La neo-lingua vuole abolire il Natale in Europa

Secondo qualcuno nella Commissione Ue di Bruxelles dovremmo smettere di augurarci “buon Natale”. Meglio dire “buona vacanza invernale”. Anzi meglio abolire completamente la parola Natale. E perché? Perché “bisogna evitare i riferimenti religiosi”. E perché? Perché “bisogna essere sensibili al fatto che le persone abbiano differenti tradizioni religiose ed evitare di pensare che chiunque sia cristiano”. Per la stessa ragione “meglio evitare nomi cristiani come Maria e Giovanni. Meglio Malika e Giulio”.

Non basta, “meglio evitare le espressioni signore e signora” e ogni parola con un genere definito come operaio. E perché? Perché potrebbero far sentire esclusi le persone che non si sentono né maschiofemmina. E ancora: anche la parola “cittadino” è problematica perché potrebbe offendere e far sentire escluse “le persone apolidi e gli immigrati”. Chi lo dice? Lo scrive il Commissario all’Uguaglianza, la laburista maltese Helena Dalli in un documento dal titolo “Linee guida per una comunicazione inclusiva” da lei escogitato come una specie di vademecum della neo-lingua politicamente corretta destinata per ora ai funzionari della Commissione Ue.
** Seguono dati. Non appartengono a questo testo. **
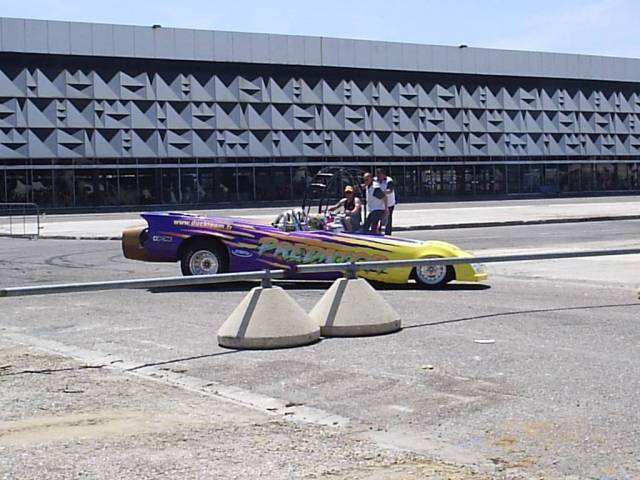 Dragster
10 et 11 juins au 10eme meeting tuning du Sud-ouest--->Photo perso ;) J'ai pas trouvÃ© Ã§a si impressionnant que Ã§a ... aprÃ¨s Ã§a fait du bruit certe oui... mais jpense qu'il faut Ãªtre dedans pour se rendre compte de la vitesse
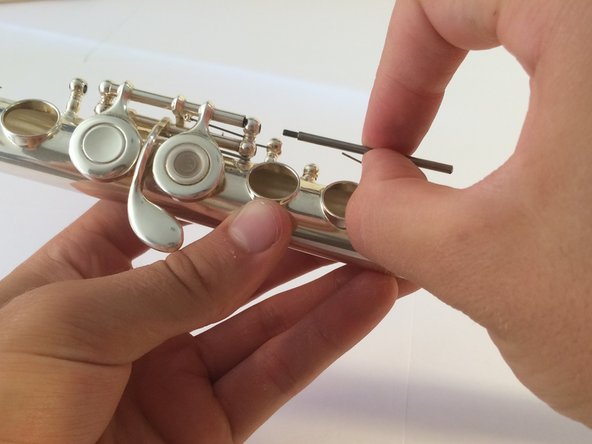 Repairing Flute Felt Key Pads: crwdns2935265:014crwdnd2935265:03crwdnd2935265:03crwdne2935265:0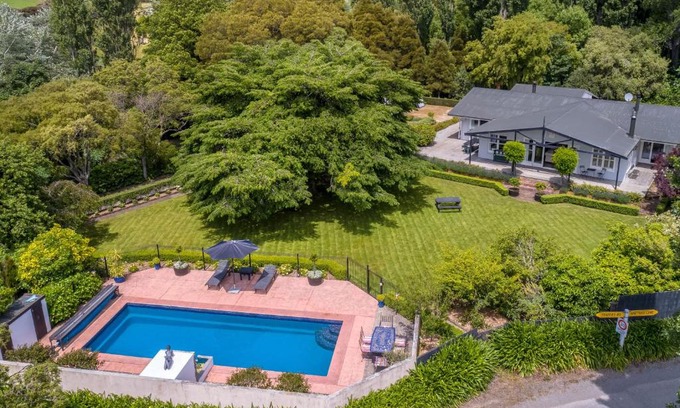Dyerville Villa | The Cattlestop & The Milkshed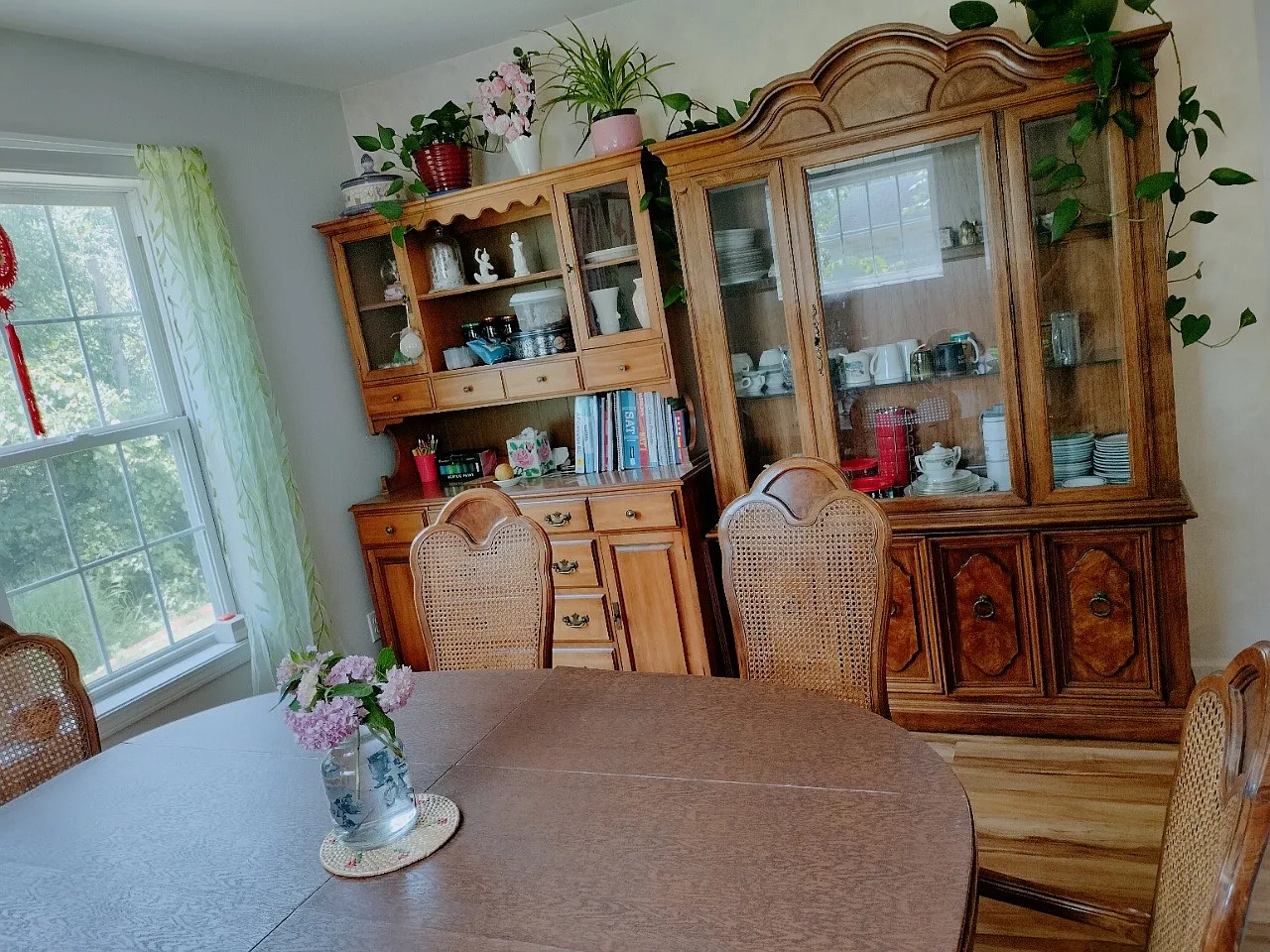 3 bed, 1.5 bath, 1322 sqft, $2,600 — Photo 4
Dobbiamo sempre offrire una comunicazione inclusiva, garantendo così che tutti siano apprezzati e riconosciuti indipendentemente dal sesso, razza o origine etnica, religione o credo, disabilità, età o orientamento sessuale” scrive con enfasi edificante la Commissaria. Ma il documento è solo la punta di un iceberg.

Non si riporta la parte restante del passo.